The pass `lower_thread_allreduce` failed to codegen if the spatial loops are unrolled during the schedule. This PR works around the issue by changing the schedule rules.
vinx13 · Nov 28, 2023 · af803cf · af803cf
1 parent 8f24a27
commit af803cf
Show file tree

Hide file tree

Showing 2 changed files with 192 additions and 83 deletions.
diff --git a/python/tvm/dlight/gpu/general_reduction.py b/python/tvm/dlight/gpu/general_reduction.py
@@ -14,6 +14,7 @@
 # KIND, either express or implied.  See the License for the
 # specific language governing permissions and limitations
 # under the License.
+# pylint: disable=invalid-name
 """Reduction rule for operators including softmax, layer norm, RMS norm, etc"""
 from typing import List, Union
 
@@ -75,20 +76,28 @@ def apply(  # pylint: disable=too-many-locals
             return None
 
         loops = sch.get_loops(block_infos[-1].block_rv)
-        bx = sch.fuse(*loops[:num_leading_s])  # pylint: disable=invalid-name
-        _, tx = sch.split(loops[-1], [None, len_tx])  # pylint: disable=invalid-name
+        bx = sch.fuse(*loops[:num_leading_s])
+        r_loop, tx = sch.split(loops[-1], [None, len_tx])
+        sch.reorder(tx, r_loop)
         sch.bind(bx, "blockIdx.x")
         sch.bind(tx, "threadIdx.x")
+        sch.annotate(r_loop, ann_key="pragma_auto_unroll_max_step", ann_val=unroll_depth)
+        sch.annotate(r_loop, ann_key="pragma_unroll_explicit", ann_val=1)
 
         for block in reversed(block_infos[:-1]):
             block = block.block_rv
             for i, _ in enumerate(sch.get(block).writes):
                 sch.set_scope(block, buffer_index=i, storage_scope="shared")
             sch.compute_at(block, bx, preserve_unit_loops=True)
             r_loop = sch.fuse(*sch.get_loops(block)[-num_trailing_r:])
-            _, tx = sch.split(r_loop, [None, len_tx])  # pylint: disable=invalid-name
+            r_loop, tx = sch.split(r_loop, [None, len_tx])
+            sch.reorder(tx, r_loop)
             sch.bind(tx, "threadIdx.x")
+            sch.annotate(r_loop, ann_key="pragma_auto_unroll_max_step", ann_val=unroll_depth)

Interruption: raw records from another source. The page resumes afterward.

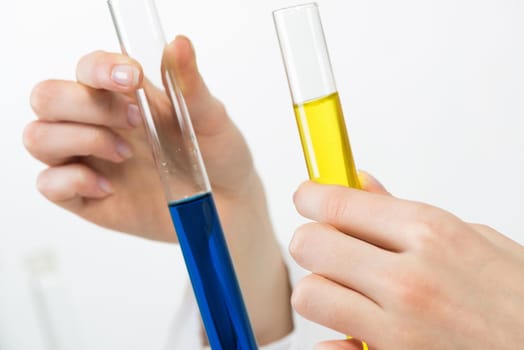 Clinic laboratory analysis and examination. Coronavirus disease testing. Closeup female hands holding test tubes with color liquid. Laboratory assistant comparing biological samples in test tubes.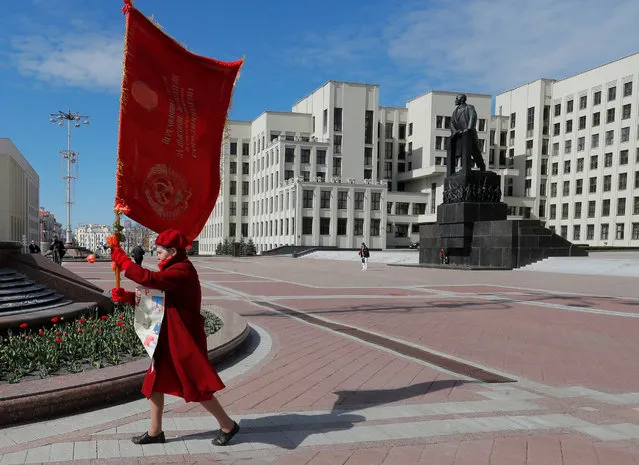 A woman carries a Soviet banner at Independence Square on the 150th birth anniversary of Soviet state founder Vladimir Lenin, amid the coronavirus disease (COVID-19) outbreak, in Minsk, Belarus on April 22, 2020. (Photo by Vasily Fedosenko/Reuters)
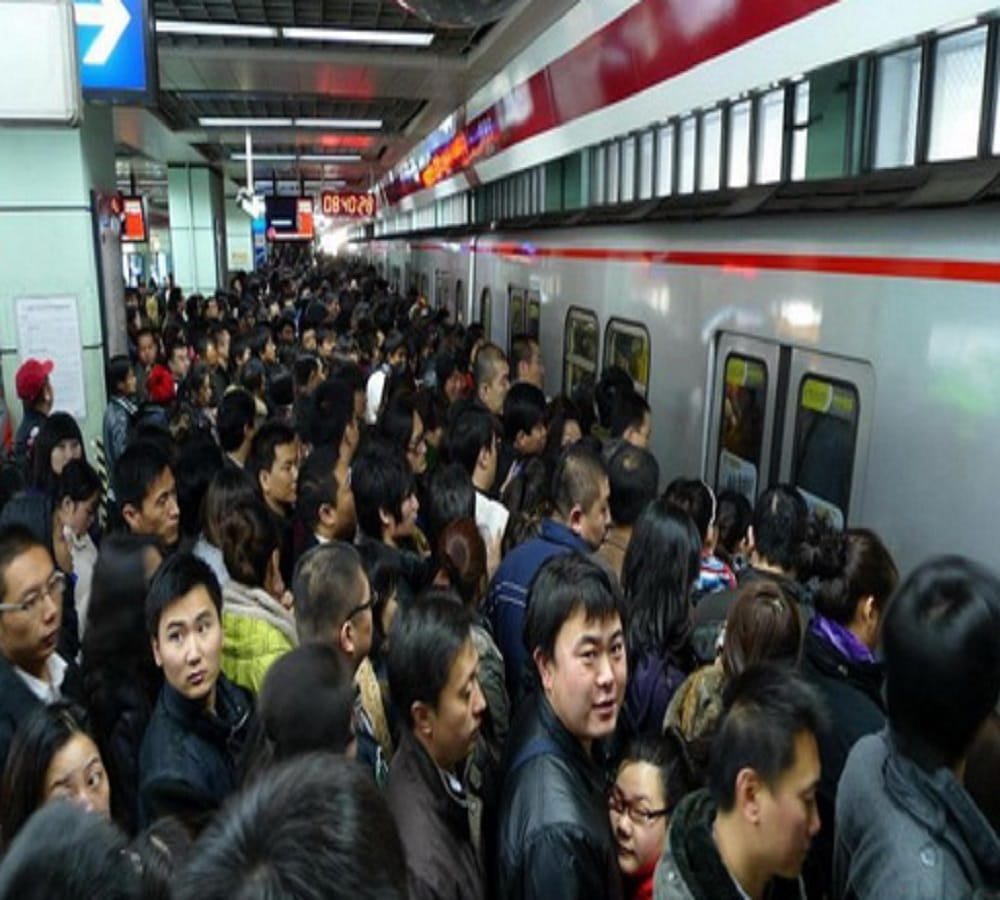 watch Viral Video of people pushing metro to rescue man stuck in platform gap in China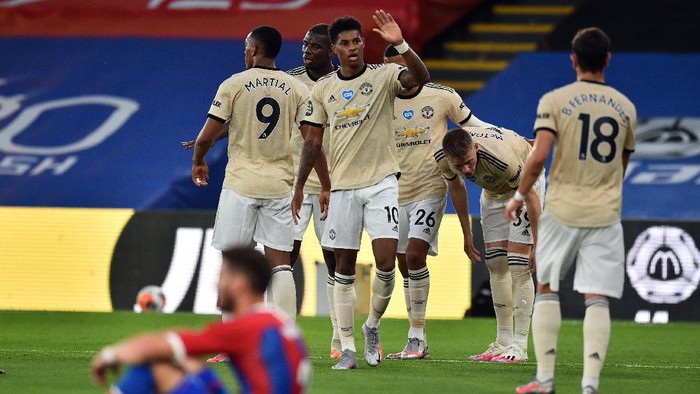 LONDON, ENGLAND - JULY 16: Marcus Rashford of Manchester United celebrates after scoring his sides first goal during the Premier League match between Crystal Palace and Manchester United at Selhurst Park on July 16, 2020 in London, England. Football Stadiums around Europe remain empty due to the Coronavirus Pandemic as Government social distancing laws prohibit fans inside venues resulting in all fixtures being played behind closed doors. (Photo by Glyn Kirk/Pool via Getty Images)
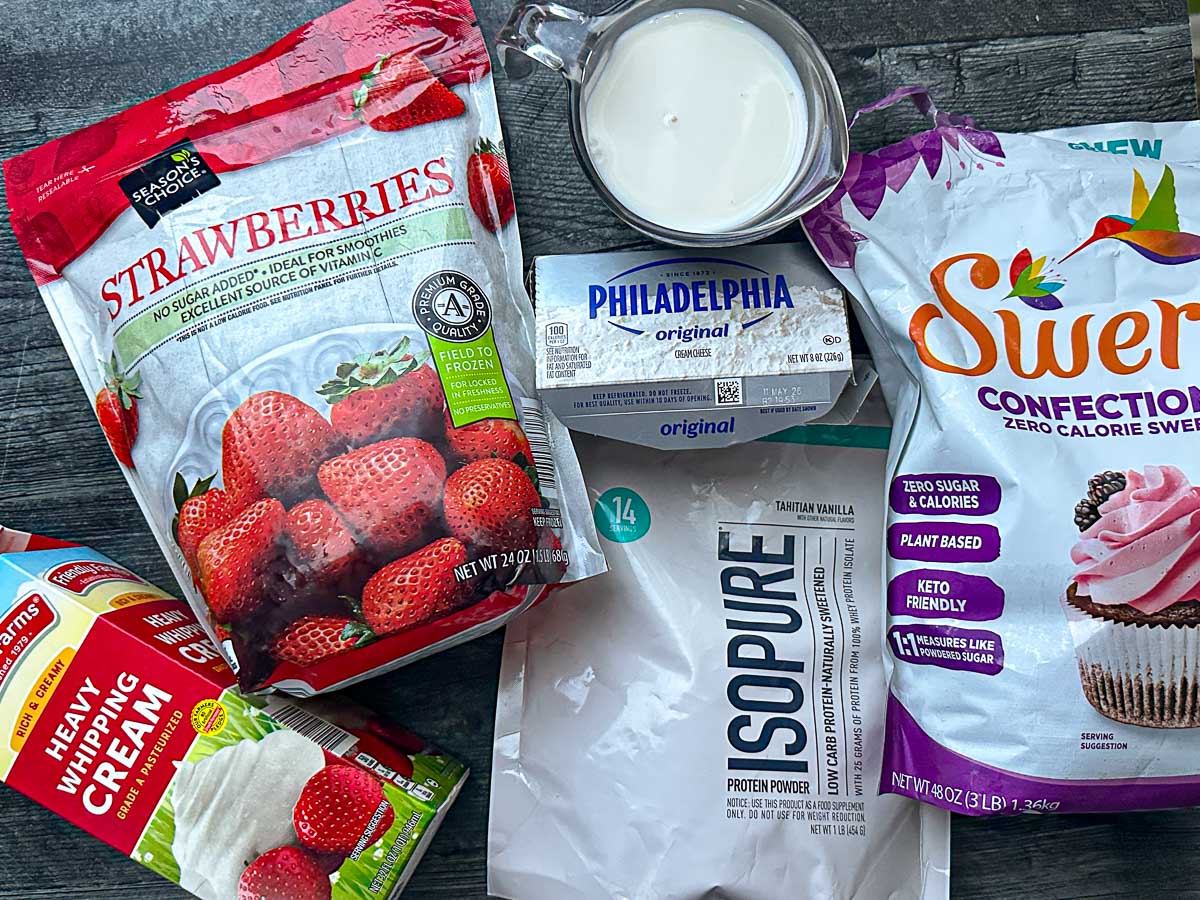 Recipe ingredients - frozen strawberries, cream, cream cheese, almond milk, protein powder and swerve sweetener.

+            sch.annotate(r_loop, ann_key="pragma_unroll_explicit", ann_val=1)
 
-        sch.annotate(bx, ann_key="pragma_auto_unroll_max_step", ann_val=unroll_depth)
-        sch.annotate(bx, ann_key="pragma_unroll_explicit", ann_val=1)

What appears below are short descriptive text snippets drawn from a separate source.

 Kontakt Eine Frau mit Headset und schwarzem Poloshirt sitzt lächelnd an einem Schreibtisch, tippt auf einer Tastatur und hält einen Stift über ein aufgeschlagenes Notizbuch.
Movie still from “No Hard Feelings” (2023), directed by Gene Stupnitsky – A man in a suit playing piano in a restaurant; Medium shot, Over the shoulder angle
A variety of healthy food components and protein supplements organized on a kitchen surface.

+        # TODO: It's just a workaround to avoid unroll spatial loops, because of the bug of
+        # the pass lower-thread-allreduce. We should fix it in the future.
+        # sch.annotate(bx, ann_key="pragma_auto_unroll_max_step", ann_val=unroll_depth)
+        # sch.annotate(bx, ann_key="pragma_unroll_explicit", ann_val=1)
         return sch